What needs to be done: Search the records below for "Coffee"; copy each line that has it.

(Collection entries)
※ ※ ※

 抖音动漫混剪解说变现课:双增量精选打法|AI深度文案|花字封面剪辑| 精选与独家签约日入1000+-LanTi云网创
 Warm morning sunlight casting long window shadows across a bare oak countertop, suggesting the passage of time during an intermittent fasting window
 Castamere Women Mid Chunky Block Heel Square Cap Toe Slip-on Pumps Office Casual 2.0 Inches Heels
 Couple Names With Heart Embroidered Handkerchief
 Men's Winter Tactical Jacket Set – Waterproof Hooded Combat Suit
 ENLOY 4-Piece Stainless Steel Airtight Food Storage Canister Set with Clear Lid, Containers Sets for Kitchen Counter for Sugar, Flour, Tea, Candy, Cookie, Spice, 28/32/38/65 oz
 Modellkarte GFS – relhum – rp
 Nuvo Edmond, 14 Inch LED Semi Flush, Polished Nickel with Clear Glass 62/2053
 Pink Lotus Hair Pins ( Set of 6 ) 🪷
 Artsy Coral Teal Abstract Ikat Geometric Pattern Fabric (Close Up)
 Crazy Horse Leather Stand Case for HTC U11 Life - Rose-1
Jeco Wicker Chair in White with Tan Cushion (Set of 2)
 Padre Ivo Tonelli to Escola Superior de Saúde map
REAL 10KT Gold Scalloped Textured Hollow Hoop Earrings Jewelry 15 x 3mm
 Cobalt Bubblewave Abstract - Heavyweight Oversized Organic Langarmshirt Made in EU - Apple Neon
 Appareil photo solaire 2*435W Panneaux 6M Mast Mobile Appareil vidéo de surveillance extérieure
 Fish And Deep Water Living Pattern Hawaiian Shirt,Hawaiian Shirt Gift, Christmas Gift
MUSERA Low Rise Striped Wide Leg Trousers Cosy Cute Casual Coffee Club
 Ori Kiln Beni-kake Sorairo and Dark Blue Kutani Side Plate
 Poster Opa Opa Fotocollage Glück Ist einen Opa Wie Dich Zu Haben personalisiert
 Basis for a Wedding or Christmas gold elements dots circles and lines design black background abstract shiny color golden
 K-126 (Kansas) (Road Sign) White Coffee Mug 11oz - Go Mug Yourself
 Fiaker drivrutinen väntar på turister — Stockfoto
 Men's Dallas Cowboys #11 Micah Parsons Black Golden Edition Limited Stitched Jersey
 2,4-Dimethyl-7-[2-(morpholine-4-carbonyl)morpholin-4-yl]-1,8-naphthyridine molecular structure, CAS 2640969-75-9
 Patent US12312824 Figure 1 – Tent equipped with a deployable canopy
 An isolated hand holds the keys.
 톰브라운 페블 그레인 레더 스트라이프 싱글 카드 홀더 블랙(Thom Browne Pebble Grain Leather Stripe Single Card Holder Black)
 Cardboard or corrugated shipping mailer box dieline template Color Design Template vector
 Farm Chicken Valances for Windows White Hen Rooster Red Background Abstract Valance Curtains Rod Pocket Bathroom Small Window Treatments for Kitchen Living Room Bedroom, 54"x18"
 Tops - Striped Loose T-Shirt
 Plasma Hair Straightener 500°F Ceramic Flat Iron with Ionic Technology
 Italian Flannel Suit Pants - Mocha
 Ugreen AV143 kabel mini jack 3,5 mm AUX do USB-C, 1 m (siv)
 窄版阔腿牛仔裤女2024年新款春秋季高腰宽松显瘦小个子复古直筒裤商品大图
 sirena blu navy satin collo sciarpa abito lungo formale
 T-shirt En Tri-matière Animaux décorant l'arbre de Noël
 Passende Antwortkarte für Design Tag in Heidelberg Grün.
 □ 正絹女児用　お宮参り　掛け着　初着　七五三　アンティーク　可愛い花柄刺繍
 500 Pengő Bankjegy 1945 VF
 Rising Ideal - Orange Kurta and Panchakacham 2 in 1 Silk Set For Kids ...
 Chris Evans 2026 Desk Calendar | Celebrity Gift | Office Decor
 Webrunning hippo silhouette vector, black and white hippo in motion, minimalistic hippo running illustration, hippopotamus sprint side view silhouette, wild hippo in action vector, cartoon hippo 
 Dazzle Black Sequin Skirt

※ ※ ※

Solution:
MUSERA Low Rise Striped Wide Leg Trousers Cosy Cute Casual Coffee Club
 K-126 (Kansas) (Road Sign) White Coffee Mug 11oz - Go Mug Yourself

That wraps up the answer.